- _To do_
Transcribe every line of the material below exactly, leaving out the pictures.

- _Exercise data_
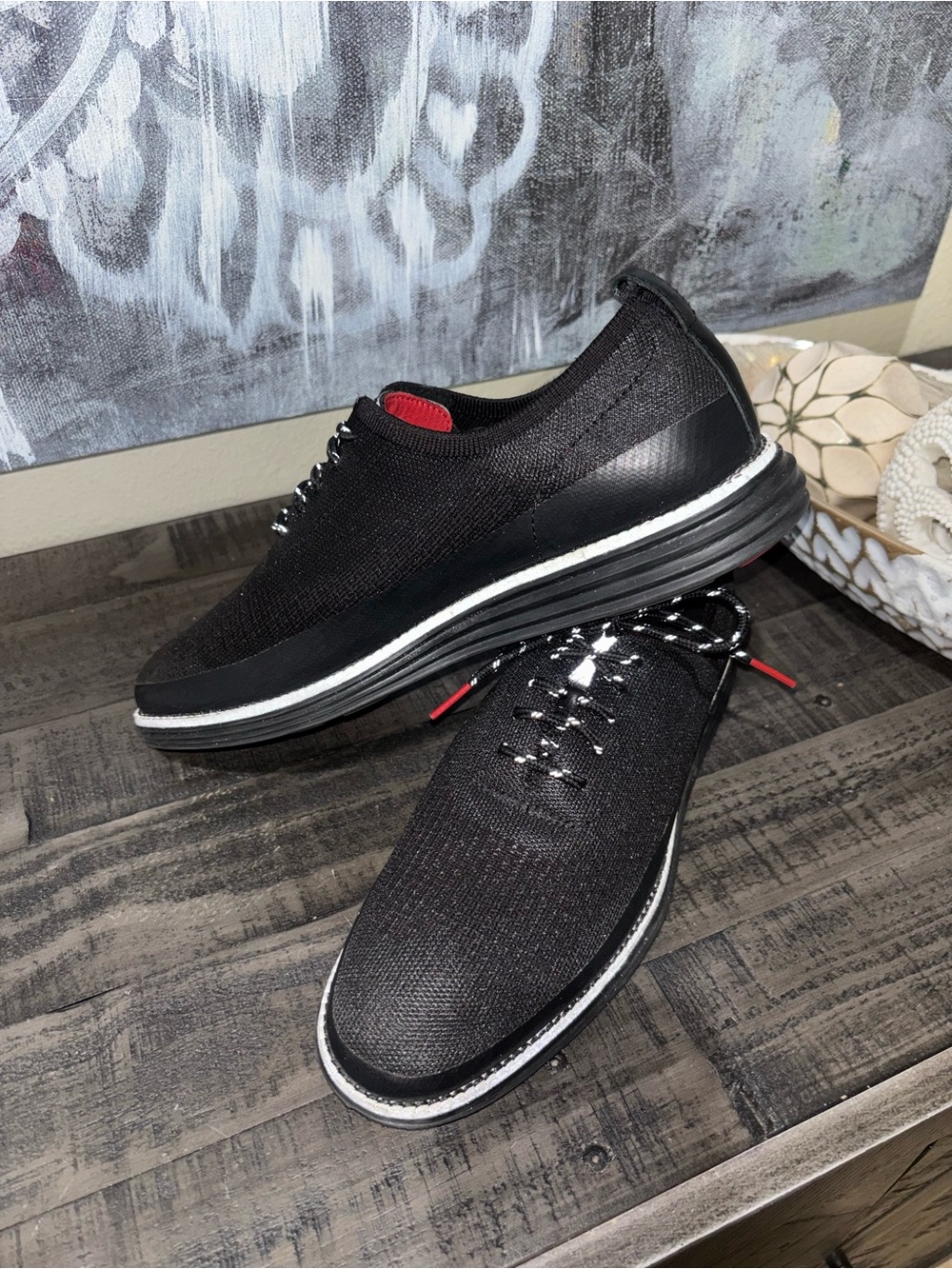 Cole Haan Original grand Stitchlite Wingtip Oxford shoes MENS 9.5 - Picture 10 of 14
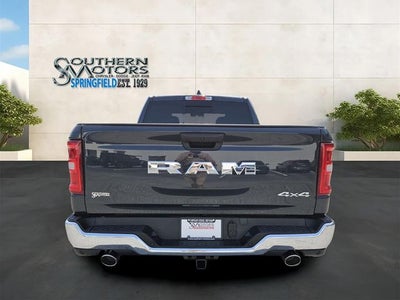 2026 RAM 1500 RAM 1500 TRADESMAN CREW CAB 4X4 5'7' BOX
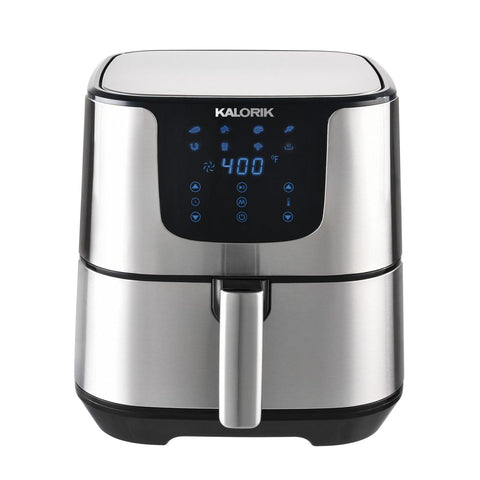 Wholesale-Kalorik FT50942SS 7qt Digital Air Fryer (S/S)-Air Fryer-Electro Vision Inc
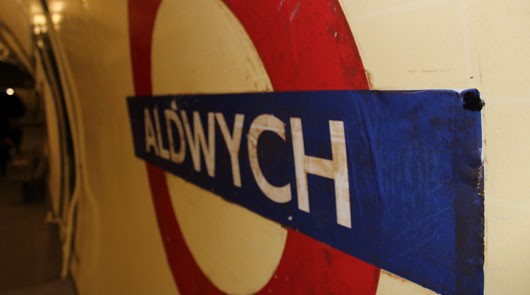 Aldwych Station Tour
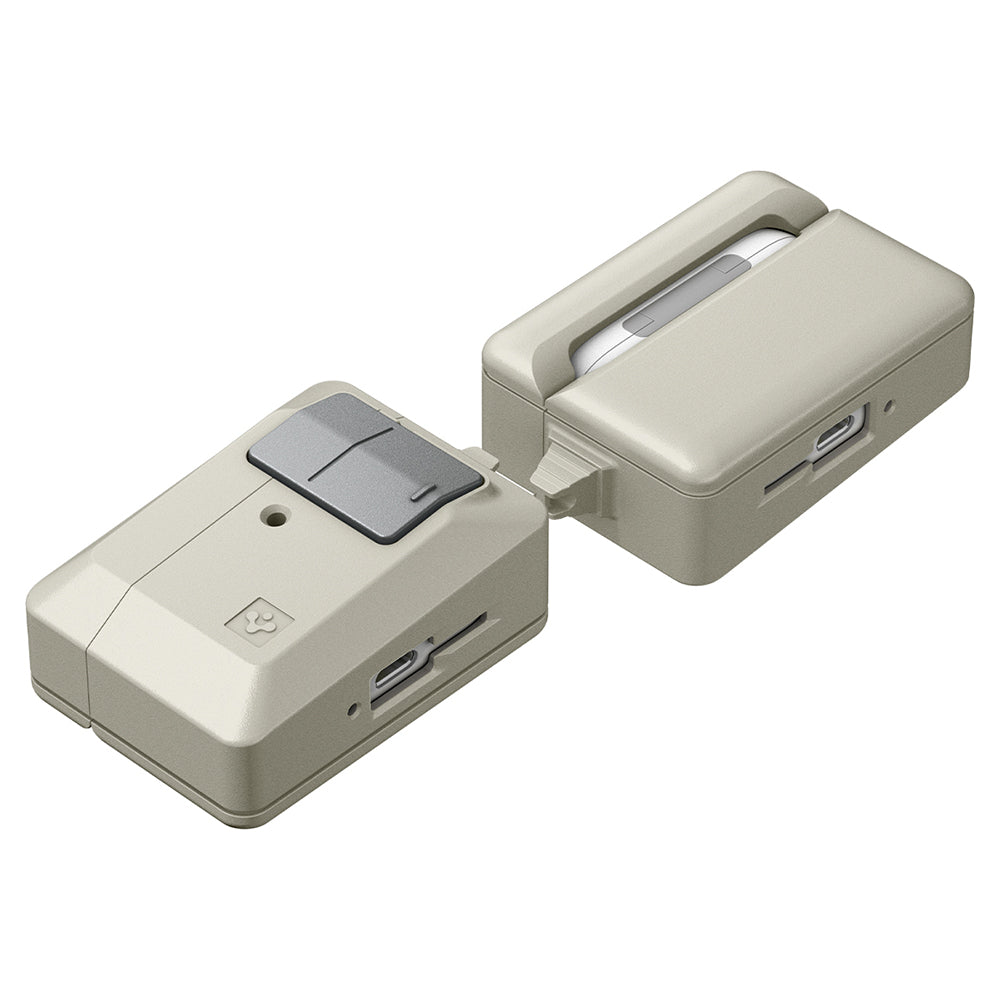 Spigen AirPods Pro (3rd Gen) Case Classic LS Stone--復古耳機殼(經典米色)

- _Exercise solution_
 Cole Haan Original grand Stitchlite Wingtip Oxford shoes MENS 9.5 - Picture 10 of 14
 2026 RAM 1500 RAM 1500 TRADESMAN CREW CAB 4X4 5'7' BOX
 Wholesale-Kalorik FT50942SS 7qt Digital Air Fryer (S/S)-Air Fryer-Electro Vision Inc
 Aldwych Station Tour
 Spigen AirPods Pro (3rd Gen) Case Classic LS Stone--復古耳機殼(經典米色)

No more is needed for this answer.